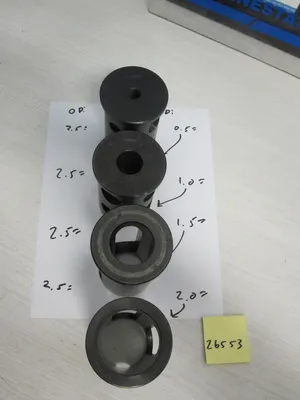 4x Lot of 4  CNC Boring Bar Reducers Spacers Sleeves Bushings Lathe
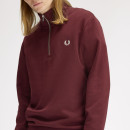 Thumbnail of fred-perry-m3574-half-zip-sweatshirt---oxblood-ecru_796158.jpg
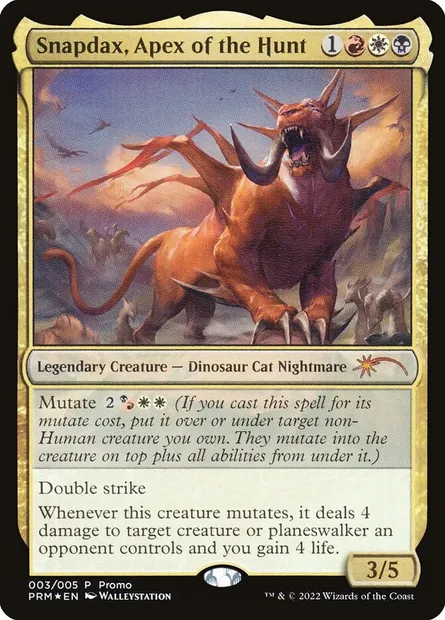 Snapdax, Apex of the Hunt, Magic card PL22 3 — Year of the Tiger 2022 set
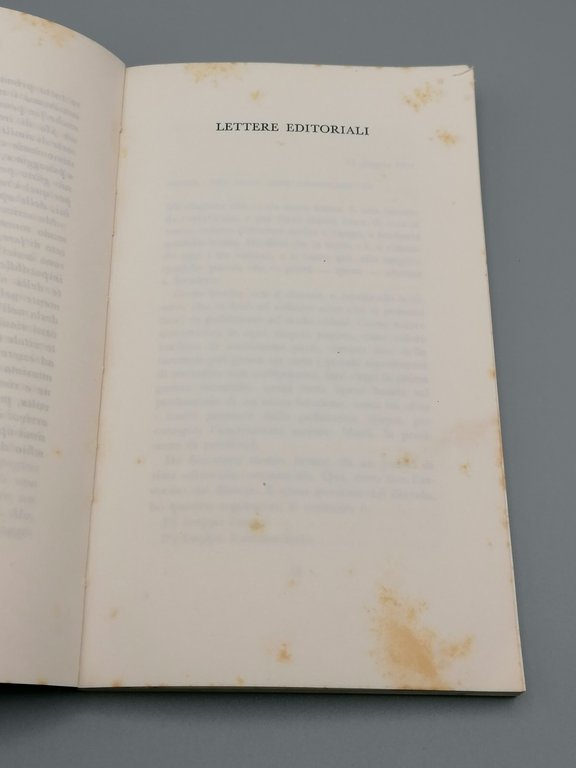 Lettere Editoriali - Libro Roberto Bazlen Adelphi 1968 Prima Edizione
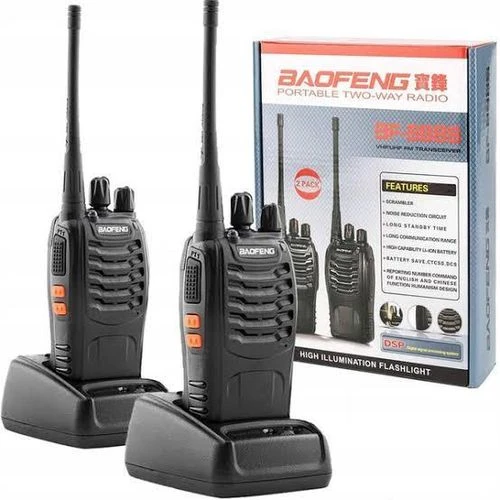 Baofeng 2PCS BF-888S Rechargeable Two-Way Walkie Talkie Radio Set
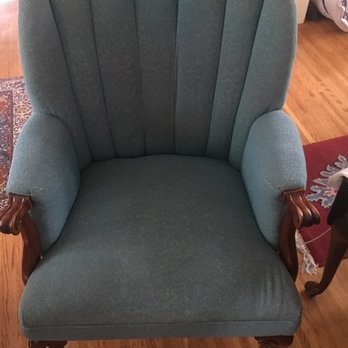 Frank's Upholstery - ("Before" pic) Antique chair showing collapsed seat cushion - Furniture Reupholstery Near Me - Rochester, New York Frank's Upholstery - ("Before" pic) Antique chair showing collapsed seat cushion - Furniture Reupholstery Near Me - Rochester, New York
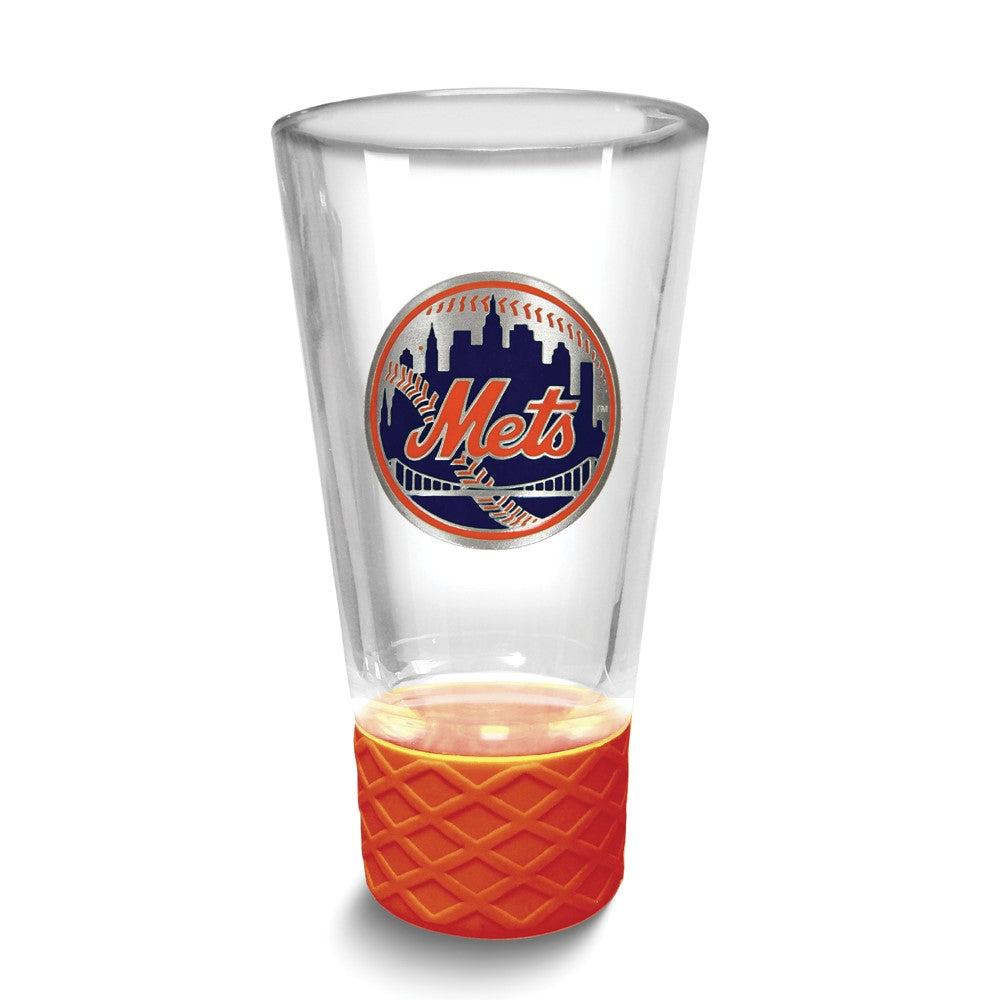 MLB New York Mets Collectors 4 oz. Shot Glass with Silicone Base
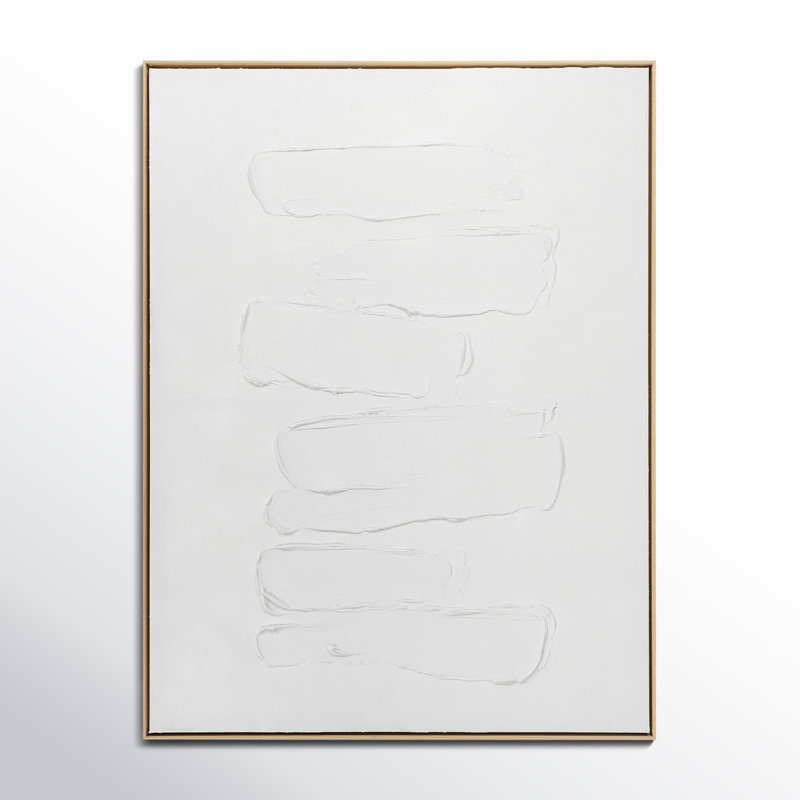 Peinture abstraite Adriana, H 24,88 po x l 19 po x P 2 po, Brun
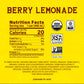 Guayaki Yerba Madre Organic Yerba Mate, Berry Lemonade, Low Sugar, 150mg Caffeine, 15.5 Oz (Pack of 12)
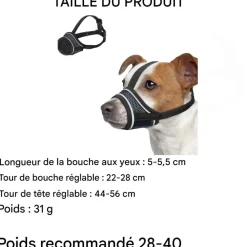 DOWNYPAWS - Muselière pour chien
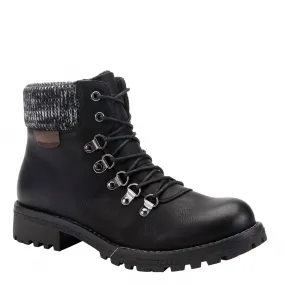 Women's Clarris Boots In Black Mud Resistant Mountain Climber Insulated Cold Climate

» **PROMPT**: The records above need to be printed in full and exactly, without any of the pictures.

» **RESULT**:
 4x Lot of 4  CNC Boring Bar Reducers Spacers Sleeves Bushings Lathe
 Thumbnail of fred-perry-m3574-half-zip-sweatshirt---oxblood-ecru_796158.jpg
 Snapdax, Apex of the Hunt, Magic card PL22 3 — Year of the Tiger 2022 set
 Lettere Editoriali - Libro Roberto Bazlen Adelphi 1968 Prima Edizione
 Baofeng 2PCS BF-888S Rechargeable Two-Way Walkie Talkie Radio Set
 Frank's Upholstery - ("Before" pic) Antique chair showing collapsed seat cushion - Furniture Reupholstery Near Me - Rochester, New York Frank's Upholstery - ("Before" pic) Antique chair showing collapsed seat cushion - Furniture Reupholstery Near Me - Rochester, New York
 MLB New York Mets Collectors 4 oz. Shot Glass with Silicone Base
 Peinture abstraite Adriana, H 24,88 po x l 19 po x P 2 po, Brun
 Guayaki Yerba Madre Organic Yerba Mate, Berry Lemonade, Low Sugar, 150mg Caffeine, 15.5 Oz (Pack of 12)
 DOWNYPAWS - Muselière pour chien
 Women's Clarris Boots In Black Mud Resistant Mountain Climber Insulated Cold Climate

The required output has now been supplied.